使用py3常见的棘手的问题是,python编译时报错往往是不够准确的,对我这样用惯了java的人来说真是头痛啊,常常遇到这个问题,就记录一下吧,报错如下:
PS C:\Users\jiangcheng\Documents\Python Scripts> scrapy runspider mingyanSpider.py -o mingyan.json
2018-07-10 13:56:04 [scrapy.utils.log] INFO: Scrapy 1.5.0 started (bot: scrapybot)
2018-07-10 13:56:04 [scrapy.utils.log] INFO: Versions: lxml 4.2.1.0, libxml2 2.9.8, cssselect 1.0.3, parsel 1.4.0, w3lib 1.19.0, Twisted 17.5.0, Python 3.6.5 |Anaconda, Inc.| (default, Mar 29 2018, 13:32:41) [MSC v.1900 64 bit (AMD64)], pyOpenSSL 18.0.0 (OpenSSL 1.0.2o 27 Mar 2018), cryptography 2.2.2, Platform Windows-10-10.0.17134-SP0
Traceback (most recent call last):
File "F:\Program\Anaconda3\Scripts\scrapy-script.py", line 10, in
sys.exit(execute())
File "F:\Program\Anaconda3\lib\site-packages\scrapy\cmdline.py", line 150, in execute
_run_print_help(parser, _run_command, cmd, args, opts)
File "F:\Program\Anaconda3\lib\site-packages\scrapy\cmdline.py", line 90, in _run_print_help
func(*a, **kw)
File "F:\Program\Anaconda3\lib\site-packages\scrapy\cmdline.py", line 157, in _run_command
cmd.run(args, opts)
File "F:\Program\Anaconda3\lib\site-packages\scrapy\commands\runspider.py", line 80, in run
module = _import_file(filename)
File "F:\Program\Anaconda3\lib\site-packages\scrapy\commands\runspider.py", line 21, in _import_file
module = import_module(fname)
File "F:\Program\Anaconda3\lib\importlib\__init__.py", line 126, in import_module
return _bootstrap._gcd_import(name[level:], package, level)

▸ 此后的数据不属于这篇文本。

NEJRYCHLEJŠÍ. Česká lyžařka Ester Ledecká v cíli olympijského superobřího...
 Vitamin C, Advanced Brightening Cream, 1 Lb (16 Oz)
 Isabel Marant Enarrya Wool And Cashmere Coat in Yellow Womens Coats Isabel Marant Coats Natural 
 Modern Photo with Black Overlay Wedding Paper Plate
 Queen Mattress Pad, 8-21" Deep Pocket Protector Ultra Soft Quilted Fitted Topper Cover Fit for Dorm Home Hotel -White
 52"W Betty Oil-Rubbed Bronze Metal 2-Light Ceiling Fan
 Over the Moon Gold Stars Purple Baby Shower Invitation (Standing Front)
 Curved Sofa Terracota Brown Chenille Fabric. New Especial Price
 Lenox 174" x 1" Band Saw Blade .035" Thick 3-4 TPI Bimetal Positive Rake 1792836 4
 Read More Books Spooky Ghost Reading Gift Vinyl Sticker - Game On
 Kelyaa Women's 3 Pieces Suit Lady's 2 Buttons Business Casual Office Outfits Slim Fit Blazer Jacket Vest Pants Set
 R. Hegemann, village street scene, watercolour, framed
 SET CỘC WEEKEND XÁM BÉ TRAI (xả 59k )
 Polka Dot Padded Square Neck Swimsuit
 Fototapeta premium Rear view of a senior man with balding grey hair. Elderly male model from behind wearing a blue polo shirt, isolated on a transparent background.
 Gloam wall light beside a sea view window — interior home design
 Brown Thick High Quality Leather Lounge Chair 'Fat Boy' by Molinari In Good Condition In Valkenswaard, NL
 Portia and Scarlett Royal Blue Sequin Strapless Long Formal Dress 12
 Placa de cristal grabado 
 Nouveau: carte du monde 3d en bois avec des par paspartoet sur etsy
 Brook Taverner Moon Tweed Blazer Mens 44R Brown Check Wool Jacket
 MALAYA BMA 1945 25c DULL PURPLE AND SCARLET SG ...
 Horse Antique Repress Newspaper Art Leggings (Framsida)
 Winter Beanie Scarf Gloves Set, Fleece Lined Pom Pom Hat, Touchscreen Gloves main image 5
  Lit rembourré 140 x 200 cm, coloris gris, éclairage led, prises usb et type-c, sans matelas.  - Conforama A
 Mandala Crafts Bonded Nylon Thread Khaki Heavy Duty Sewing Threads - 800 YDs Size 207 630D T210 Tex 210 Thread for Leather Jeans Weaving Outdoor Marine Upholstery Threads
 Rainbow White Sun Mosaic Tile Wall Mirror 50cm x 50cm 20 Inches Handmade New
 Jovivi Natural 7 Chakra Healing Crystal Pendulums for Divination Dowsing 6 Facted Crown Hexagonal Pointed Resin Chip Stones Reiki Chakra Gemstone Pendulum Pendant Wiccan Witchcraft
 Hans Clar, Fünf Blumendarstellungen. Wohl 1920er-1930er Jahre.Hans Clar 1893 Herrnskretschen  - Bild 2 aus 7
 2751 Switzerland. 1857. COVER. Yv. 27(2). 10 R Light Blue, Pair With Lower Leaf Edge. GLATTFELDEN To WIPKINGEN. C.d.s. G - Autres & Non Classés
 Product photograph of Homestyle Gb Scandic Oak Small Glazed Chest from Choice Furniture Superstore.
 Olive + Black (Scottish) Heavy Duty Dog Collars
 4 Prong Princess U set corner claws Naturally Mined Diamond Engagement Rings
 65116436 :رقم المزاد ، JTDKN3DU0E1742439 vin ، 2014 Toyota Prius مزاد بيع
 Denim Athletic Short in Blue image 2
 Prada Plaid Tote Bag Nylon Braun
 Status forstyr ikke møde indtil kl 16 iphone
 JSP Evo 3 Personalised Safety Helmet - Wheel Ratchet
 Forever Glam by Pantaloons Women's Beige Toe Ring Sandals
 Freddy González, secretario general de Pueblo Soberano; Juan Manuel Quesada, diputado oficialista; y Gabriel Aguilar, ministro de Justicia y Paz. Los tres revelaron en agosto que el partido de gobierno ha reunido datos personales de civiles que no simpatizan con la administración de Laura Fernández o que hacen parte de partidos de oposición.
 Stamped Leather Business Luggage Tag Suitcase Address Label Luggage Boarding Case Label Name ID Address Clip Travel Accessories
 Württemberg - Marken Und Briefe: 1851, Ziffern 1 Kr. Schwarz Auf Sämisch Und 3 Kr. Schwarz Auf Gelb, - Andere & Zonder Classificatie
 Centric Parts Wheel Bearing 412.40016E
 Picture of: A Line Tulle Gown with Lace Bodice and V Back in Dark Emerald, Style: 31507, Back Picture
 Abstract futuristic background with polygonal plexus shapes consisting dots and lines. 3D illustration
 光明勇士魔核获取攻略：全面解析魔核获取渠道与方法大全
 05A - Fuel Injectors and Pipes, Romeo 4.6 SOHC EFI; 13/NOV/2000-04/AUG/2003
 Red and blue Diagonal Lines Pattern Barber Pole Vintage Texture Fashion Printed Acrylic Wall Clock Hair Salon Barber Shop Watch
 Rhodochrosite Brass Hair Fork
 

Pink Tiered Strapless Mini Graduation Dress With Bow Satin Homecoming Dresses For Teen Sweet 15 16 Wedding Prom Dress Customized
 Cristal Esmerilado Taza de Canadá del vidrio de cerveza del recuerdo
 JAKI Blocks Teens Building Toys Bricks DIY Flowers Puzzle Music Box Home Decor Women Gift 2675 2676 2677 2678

File "", line 994, in _gcd_import
File "", line 971, in _find_and_load
File "", line 955, in _find_and_load_unlocked
File "", line 665, in _load_unlocked
File "", line 674, in exec_module
File "", line 781, in get_code
File "", line 741, in source_to_code
File "", line 219, in _call_with_frames_removed
File "C:\Users\jiangcheng\Documents\Python Scripts\mingyanSpider.py", line 11
'内容':quote01.css('span.text::text').extract_first(),
^
SyntaxError: invalid character in identifier
虽然报的是单词不可用,但是看来看去代码很正常啊,但是本着小范围纠错的原则,在附近思考可能出现的问题,其中标点符号中英文的问题马上映入大脑,奇怪的是中英文冒号在vscode中看起来一模一样,难怪不容易发现。
改完之后完整代码如下:
import scrapy
class mingyanSpider(scrapy.Spider):
name = "quotes"
start_urls = [
'http://lab.scrapyd.cn/',
]
def parse(self,response):
for quote01 in response.css('div.quote'):
yield {
'内容': quote01.css('span.text::text').extract_first(),
'作者': quote01.xpath('span/small/text()').extract_first(),
}
next_page = response.css('li.next a::attr("href")').extract_first()
if next_page is not None:
yield scrapy.Request(next_page,self.parse)
赶紧运行:PS C:\Users\jiangcheng\Documents\Python Scripts> scrapy runspider mingyanSpider.py -o mingyan.json
运行成功了。